George W. Bush (Sam Rockwell) invites Dick Cheney (Christian Bale) to a meeting to ask him the big question of the day: would he be his running mate for the 2000 presidential election.
Cheney appears to consider the proposal, yet everyone but the dim-witted Bush Jr. can see his response is clearly calculated.
“I’m a CEO of a large company, and I have been Secretary of Defence, and I have been White House Chief of Staff – the Vice Presidency is a mostly symbolic job.
“However, if we came to a different understanding…”
It is no secret that the presidency of George W. Bush was the presidency of Dick Cheney in all but name. The truism goes that Bush was the charming but brainless figurehead while Cheney was the scheming puppet master.
It therefore makes perfect sense that director Adam McKay (Anchorman, The Big Short) should choose to tell the tale of those turbulent eight years from the point of view of the Vice President.
Yet Vice does not start with Cheney as a figure of great authority, but as a drunken college dropout with few prospects.
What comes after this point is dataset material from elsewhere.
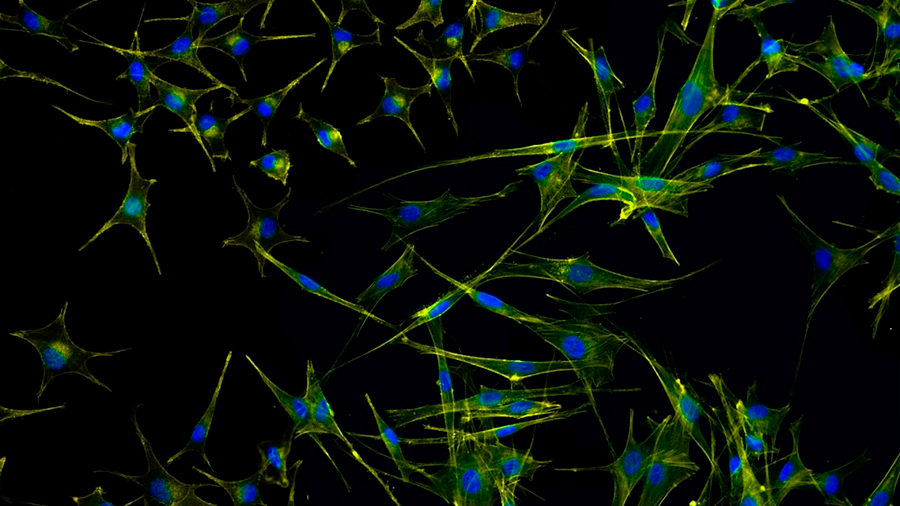 Dos prebióticos ayudan a ratones a combatir el melanoma activando la inmunidad antitumoral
With the influence of his wife Lynne (Amy Adams), he turns his life around and slowly, quietly works his way towards power.
The film positions itself as a savage critique of his tenure, seeking to dramatise and satirise, both make you laugh and make you angry.
McKay’s previous film The Big Short, for all its many flaws, did succeed in navigating through these tonal shifts with relative ease.
With Vice, he is somewhat less successful. The Big Short’s eccentric style served to present a dry subject in a colourful manner.
Applying a similar approach to such inherently emotive subjects like 9/11 and the War of Terror leads to Vice seeming a little over-directed.
Christian Bale is well-known for his physical dedication to his performances, and his work in Vice is no exception.
His transformation throughout the course of the film does not disappoint, as we see Cheney become steadily more ruthless as his waistline expands and hairline retreats. The intensity he brings to the role helps anchor the film at its more wacky and inconsistent moments.
Steve Carrell also delivers strong work as Cheney’s bombastic and confrontational mentor Donald Rumsfeld.
Against a lesser actor, he would risk stealing the show from Cheney, but Bale successfully counterbalances Carrell’s flamboyance with his constrained presence.
Amy Adams, on the other hand, is tragically underused as Lynne Cheney. She is given her fifteen minutes in the spotlight campaigning for Dick’s congressional bid in Wyoming – making up for his chronic lack of people skills – but instead of being a compelling character in her own right, she is largely overshadowed by the men of the show.
What is equally frustrating with Vice is its hasty coverage of many of the key controversies of the Bush presidency, often favouring a more hagiographical approach to the narrative.
Yes, we all know the amoral actions of the administration – the lies about weapons of mass destruction in Iraq, the rampant use of torture, the expansion of the surveillance state.
But when further exploration of this comes at the expense of Cheney’s biography, one can’t help by feel that Vice missed numerous opportunities to be more incisive.
That being said, Vice is never boring. In spite of its numerous shortcomings, it is a funny and offbeat take on a heavy subject that may interest viewers unfamiliar with the inner workings of Cheney’s administration.
There is likely a better film to be made down the line about the Bush presidency, but Vice will do for now.